> Your task
Search the entries for the word "Jatim" and return every line where it is found.

-- Materials provided follows --

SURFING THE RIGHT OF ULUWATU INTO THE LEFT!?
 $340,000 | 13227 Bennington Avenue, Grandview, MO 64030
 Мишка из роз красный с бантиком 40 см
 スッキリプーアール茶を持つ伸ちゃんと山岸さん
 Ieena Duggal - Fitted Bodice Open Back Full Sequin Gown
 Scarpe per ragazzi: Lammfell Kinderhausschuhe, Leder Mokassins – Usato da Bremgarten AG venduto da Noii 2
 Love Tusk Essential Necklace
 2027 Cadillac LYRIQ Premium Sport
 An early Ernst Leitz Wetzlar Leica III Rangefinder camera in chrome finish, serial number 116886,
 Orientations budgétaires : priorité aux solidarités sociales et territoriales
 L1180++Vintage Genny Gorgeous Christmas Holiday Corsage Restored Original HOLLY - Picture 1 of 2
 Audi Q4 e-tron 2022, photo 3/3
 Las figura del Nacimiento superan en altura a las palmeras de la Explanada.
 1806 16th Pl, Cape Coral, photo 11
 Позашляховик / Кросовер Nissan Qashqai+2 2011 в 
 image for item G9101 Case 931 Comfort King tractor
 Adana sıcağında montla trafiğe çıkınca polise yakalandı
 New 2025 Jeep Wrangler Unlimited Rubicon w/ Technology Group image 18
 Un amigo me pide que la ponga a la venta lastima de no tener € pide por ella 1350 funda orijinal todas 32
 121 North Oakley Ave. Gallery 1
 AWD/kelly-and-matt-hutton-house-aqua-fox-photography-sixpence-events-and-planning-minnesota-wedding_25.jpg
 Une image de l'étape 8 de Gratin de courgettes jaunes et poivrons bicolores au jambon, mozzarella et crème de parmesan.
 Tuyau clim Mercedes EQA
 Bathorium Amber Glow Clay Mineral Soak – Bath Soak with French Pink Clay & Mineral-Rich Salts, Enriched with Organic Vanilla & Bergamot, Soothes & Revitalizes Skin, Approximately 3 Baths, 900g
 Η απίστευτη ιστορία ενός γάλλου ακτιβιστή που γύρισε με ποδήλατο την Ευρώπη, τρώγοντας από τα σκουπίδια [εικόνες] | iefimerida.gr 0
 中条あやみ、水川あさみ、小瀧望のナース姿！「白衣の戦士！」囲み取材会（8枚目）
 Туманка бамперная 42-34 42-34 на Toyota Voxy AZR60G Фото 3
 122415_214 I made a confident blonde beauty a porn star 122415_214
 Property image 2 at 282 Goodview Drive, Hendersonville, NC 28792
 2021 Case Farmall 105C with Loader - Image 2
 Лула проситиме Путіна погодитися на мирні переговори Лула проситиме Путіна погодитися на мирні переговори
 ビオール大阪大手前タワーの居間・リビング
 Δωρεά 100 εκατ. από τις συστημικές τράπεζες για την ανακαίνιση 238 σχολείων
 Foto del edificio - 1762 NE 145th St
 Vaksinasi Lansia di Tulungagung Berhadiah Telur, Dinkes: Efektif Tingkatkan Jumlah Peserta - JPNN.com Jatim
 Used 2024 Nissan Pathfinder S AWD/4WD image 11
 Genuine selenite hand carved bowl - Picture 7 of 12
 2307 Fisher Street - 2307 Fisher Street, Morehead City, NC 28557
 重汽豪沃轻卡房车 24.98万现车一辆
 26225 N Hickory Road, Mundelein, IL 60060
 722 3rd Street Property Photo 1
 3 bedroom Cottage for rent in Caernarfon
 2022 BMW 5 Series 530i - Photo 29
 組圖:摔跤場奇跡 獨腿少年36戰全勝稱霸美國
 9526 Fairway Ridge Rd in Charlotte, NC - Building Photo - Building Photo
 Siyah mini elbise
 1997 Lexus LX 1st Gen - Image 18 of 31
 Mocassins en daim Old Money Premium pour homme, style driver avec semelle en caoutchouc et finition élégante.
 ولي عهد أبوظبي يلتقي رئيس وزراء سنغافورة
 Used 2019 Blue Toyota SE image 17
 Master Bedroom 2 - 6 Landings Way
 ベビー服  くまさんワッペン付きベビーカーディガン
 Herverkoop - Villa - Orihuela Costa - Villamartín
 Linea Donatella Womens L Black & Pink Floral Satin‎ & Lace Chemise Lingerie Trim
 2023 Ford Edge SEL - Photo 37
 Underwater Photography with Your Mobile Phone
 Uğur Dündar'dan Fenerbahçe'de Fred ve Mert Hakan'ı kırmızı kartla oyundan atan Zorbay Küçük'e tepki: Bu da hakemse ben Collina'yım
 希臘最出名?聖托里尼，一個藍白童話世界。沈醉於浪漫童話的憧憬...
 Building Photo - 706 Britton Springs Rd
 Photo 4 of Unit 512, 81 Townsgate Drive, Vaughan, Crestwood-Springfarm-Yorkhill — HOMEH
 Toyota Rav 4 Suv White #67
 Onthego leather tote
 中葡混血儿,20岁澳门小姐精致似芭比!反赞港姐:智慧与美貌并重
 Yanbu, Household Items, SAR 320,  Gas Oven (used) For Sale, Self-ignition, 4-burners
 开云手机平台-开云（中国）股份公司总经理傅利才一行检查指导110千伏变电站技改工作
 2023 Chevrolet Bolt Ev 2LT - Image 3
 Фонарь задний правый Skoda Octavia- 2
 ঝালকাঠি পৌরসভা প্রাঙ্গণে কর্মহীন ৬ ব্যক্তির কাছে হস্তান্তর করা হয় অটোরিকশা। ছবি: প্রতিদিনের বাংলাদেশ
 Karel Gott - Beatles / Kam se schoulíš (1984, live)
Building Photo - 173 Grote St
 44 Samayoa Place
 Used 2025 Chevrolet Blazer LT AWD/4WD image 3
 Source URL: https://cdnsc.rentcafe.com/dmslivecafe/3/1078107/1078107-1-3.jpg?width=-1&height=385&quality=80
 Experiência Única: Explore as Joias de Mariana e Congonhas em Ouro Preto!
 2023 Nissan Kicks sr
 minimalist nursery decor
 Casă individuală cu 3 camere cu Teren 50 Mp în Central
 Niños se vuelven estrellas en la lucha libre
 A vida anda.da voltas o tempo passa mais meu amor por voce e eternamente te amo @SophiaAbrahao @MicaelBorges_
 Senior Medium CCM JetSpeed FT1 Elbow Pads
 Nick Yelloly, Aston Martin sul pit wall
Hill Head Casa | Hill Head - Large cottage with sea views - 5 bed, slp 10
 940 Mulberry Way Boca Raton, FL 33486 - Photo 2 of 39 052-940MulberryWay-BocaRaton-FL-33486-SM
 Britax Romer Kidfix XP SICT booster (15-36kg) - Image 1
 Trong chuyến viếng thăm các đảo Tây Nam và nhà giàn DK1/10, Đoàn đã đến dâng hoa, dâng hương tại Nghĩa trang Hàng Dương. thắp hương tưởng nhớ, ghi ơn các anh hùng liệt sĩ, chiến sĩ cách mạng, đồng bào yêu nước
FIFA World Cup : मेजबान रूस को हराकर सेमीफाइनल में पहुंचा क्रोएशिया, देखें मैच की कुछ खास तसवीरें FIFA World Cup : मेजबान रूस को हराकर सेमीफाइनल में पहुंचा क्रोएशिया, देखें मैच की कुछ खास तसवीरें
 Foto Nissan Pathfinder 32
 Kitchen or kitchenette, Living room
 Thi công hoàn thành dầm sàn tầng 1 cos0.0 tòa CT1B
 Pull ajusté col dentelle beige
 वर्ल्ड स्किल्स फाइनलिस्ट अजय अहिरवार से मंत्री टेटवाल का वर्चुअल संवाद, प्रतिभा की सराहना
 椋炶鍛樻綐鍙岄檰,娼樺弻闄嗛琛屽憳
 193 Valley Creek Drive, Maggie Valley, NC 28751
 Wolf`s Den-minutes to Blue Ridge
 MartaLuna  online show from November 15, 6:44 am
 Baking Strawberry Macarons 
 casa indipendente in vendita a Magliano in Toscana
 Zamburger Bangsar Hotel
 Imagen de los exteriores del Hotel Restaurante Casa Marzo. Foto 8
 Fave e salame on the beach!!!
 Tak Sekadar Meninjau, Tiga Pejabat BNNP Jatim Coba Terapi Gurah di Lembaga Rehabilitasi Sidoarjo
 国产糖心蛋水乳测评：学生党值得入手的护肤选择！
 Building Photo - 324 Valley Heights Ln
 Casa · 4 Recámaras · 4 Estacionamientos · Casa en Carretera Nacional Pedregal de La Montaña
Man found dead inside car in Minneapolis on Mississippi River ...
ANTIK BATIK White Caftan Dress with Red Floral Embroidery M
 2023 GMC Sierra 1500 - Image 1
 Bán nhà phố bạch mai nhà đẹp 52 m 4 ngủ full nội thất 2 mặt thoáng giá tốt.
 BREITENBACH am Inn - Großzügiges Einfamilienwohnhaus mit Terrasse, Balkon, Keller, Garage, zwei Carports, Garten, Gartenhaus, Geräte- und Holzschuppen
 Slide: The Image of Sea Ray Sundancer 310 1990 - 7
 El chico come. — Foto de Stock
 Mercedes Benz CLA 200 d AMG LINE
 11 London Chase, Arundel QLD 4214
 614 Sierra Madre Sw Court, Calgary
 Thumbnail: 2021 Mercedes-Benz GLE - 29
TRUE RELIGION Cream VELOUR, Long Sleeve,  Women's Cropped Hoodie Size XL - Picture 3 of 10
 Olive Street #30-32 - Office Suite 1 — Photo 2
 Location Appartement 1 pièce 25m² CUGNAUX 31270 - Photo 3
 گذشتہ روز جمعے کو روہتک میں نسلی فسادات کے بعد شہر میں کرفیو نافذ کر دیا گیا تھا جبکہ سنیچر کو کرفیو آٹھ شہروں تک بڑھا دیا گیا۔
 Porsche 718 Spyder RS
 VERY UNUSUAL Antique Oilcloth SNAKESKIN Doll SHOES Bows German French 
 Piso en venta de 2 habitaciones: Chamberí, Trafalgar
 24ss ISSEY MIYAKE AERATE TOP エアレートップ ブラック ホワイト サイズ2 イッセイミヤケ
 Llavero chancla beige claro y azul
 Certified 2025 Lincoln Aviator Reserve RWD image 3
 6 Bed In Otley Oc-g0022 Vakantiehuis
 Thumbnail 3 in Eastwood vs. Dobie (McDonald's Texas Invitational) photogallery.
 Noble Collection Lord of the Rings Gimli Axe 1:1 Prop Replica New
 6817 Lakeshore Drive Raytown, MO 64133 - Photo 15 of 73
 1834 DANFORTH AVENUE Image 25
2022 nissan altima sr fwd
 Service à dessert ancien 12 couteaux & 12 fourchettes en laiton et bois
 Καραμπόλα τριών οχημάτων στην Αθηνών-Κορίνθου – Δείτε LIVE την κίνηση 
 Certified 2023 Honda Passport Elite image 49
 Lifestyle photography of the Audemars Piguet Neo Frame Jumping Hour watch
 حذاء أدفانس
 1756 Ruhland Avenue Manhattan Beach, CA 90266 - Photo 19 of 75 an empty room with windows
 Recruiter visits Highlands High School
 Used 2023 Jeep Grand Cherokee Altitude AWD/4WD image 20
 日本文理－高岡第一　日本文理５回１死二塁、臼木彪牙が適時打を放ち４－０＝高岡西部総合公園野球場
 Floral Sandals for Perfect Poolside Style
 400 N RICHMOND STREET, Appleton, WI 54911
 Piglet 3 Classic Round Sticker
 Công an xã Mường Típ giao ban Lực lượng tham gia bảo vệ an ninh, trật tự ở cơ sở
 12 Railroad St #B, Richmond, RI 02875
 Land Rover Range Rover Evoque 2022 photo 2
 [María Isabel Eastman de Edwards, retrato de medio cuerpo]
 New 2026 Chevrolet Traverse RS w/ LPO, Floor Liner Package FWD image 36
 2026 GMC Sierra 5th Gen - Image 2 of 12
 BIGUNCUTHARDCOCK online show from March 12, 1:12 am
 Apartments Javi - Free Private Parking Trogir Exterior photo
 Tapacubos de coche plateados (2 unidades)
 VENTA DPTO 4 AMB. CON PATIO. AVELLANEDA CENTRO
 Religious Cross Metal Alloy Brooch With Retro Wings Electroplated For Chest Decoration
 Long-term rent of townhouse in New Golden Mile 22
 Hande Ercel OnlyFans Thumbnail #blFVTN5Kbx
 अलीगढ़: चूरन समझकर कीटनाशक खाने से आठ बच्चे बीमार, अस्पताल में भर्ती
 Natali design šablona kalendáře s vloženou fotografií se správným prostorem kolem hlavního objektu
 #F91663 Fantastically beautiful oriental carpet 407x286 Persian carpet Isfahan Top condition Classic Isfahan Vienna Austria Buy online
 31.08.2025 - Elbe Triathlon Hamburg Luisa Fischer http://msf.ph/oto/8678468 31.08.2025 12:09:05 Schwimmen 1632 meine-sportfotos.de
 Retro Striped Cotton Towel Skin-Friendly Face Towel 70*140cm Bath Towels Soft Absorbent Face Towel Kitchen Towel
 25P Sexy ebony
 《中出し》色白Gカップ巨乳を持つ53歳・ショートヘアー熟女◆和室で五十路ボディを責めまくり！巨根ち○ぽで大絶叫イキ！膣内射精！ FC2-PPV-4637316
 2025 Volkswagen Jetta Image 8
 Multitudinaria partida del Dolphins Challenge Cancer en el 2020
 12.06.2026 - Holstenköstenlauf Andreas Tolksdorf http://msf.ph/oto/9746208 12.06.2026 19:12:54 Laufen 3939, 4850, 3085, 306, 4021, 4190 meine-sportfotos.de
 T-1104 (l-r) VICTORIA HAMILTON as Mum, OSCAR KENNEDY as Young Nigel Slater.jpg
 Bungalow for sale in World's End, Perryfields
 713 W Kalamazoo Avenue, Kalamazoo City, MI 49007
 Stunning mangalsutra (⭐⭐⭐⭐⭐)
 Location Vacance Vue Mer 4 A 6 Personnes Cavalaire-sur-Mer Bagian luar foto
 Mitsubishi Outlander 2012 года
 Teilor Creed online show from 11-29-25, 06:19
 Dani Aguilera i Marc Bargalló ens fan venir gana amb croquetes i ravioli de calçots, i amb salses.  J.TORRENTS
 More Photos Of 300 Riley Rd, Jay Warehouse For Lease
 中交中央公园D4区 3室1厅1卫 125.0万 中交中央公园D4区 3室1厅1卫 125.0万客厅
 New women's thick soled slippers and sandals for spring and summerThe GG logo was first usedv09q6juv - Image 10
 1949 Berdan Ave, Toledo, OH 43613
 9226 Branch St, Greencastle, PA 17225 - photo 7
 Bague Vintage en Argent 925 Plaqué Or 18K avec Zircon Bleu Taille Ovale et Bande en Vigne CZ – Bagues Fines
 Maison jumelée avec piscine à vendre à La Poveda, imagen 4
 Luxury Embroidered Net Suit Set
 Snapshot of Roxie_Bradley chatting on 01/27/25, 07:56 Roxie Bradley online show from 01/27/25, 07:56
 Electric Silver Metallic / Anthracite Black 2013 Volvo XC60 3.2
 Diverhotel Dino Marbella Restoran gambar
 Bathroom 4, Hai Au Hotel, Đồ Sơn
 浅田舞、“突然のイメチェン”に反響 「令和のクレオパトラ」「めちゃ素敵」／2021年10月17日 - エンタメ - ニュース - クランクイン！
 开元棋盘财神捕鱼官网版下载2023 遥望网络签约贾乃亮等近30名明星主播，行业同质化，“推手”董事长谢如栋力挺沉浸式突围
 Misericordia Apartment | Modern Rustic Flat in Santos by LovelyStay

-- Materials provided concluded --

> Result of the exercise
 Vaksinasi Lansia di Tulungagung Berhadiah Telur, Dinkes: Efektif Tingkatkan Jumlah Peserta - JPNN.com Jatim
 Tak Sekadar Meninjau, Tiga Pejabat BNNP Jatim Coba Terapi Gurah di Lembaga Rehabilitasi Sidoarjo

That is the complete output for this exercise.